[Image-caption web data]
- - - - - - -

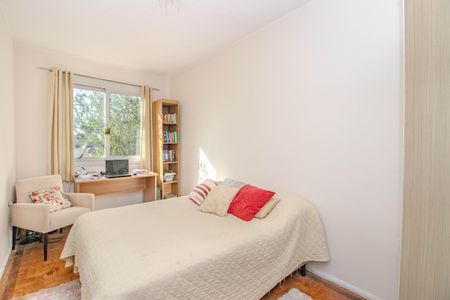 Quarto de apartamento à venda com 1 quarto, 56m² em São João, Porto Alegre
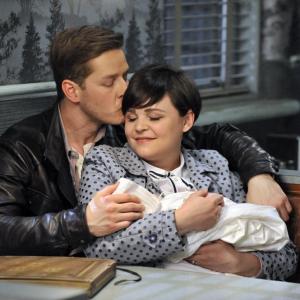Still of Ginnifer Goodwin and Josh Dallas in Once Upon a Time (2011)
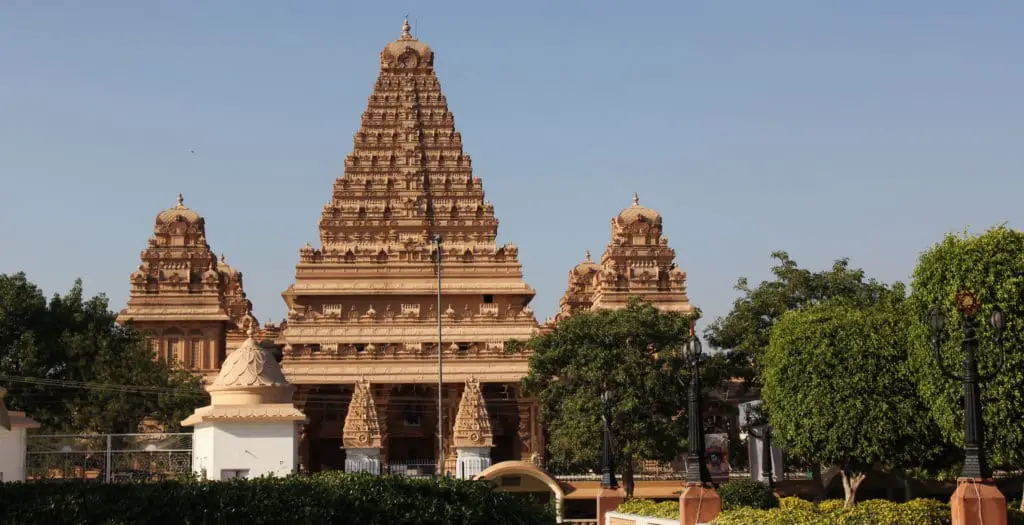 chattarpur temple complex
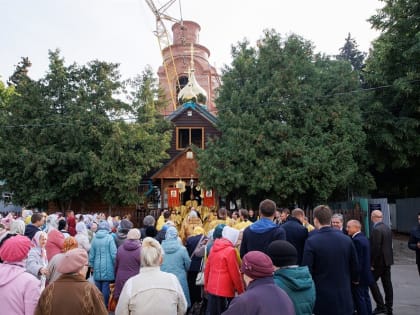 На крупнейшем храме Засвияжья засияли купола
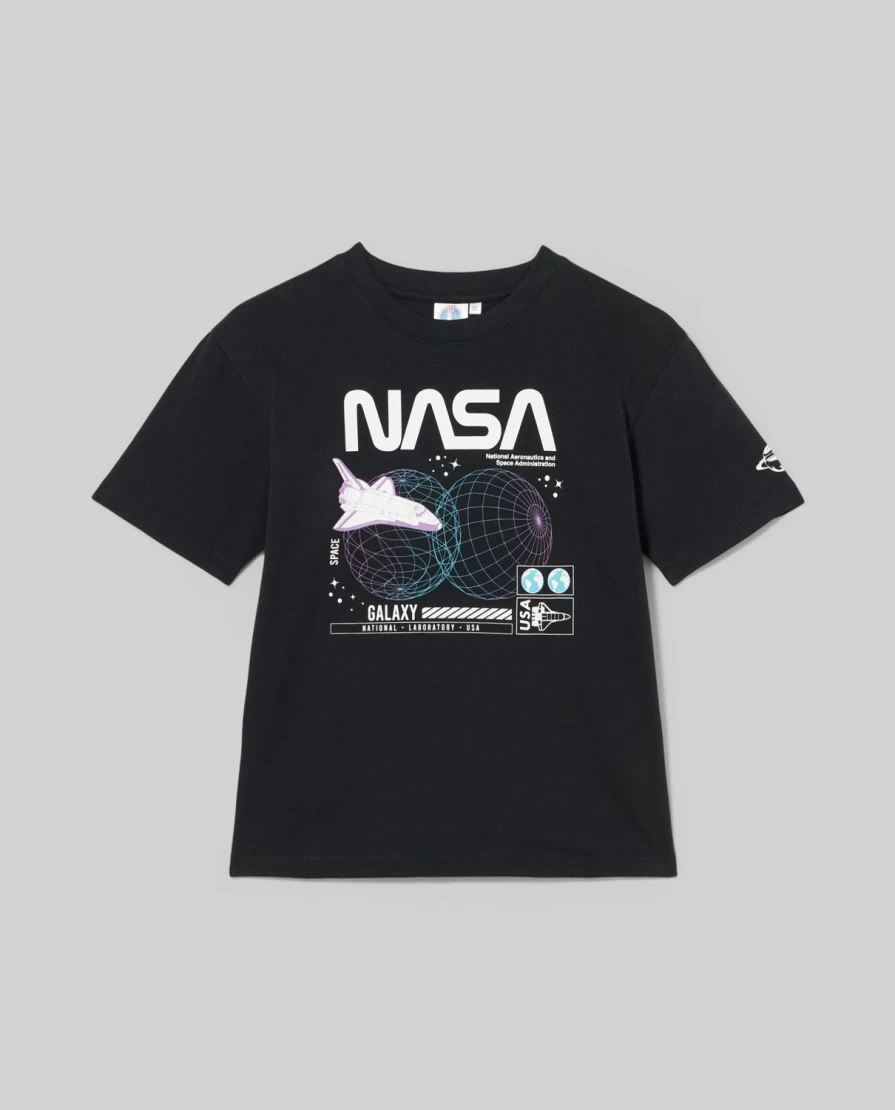 "Blukids Youth Pure Cotton Boys T-Shirt - Soft Comfortable Casual Tee for Kids"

- - - - - - -

- _Task details_
Please transcribe exactly the lines from the one that contains "chattarpur temple complex" through the closing line of the entries, with no pictures.

- _Answer to the problem_
 chattarpur temple complex
 На крупнейшем храме Засвияжья засияли купола
 "Blukids Youth Pure Cotton Boys T-Shirt - Soft Comfortable Casual Tee for Kids"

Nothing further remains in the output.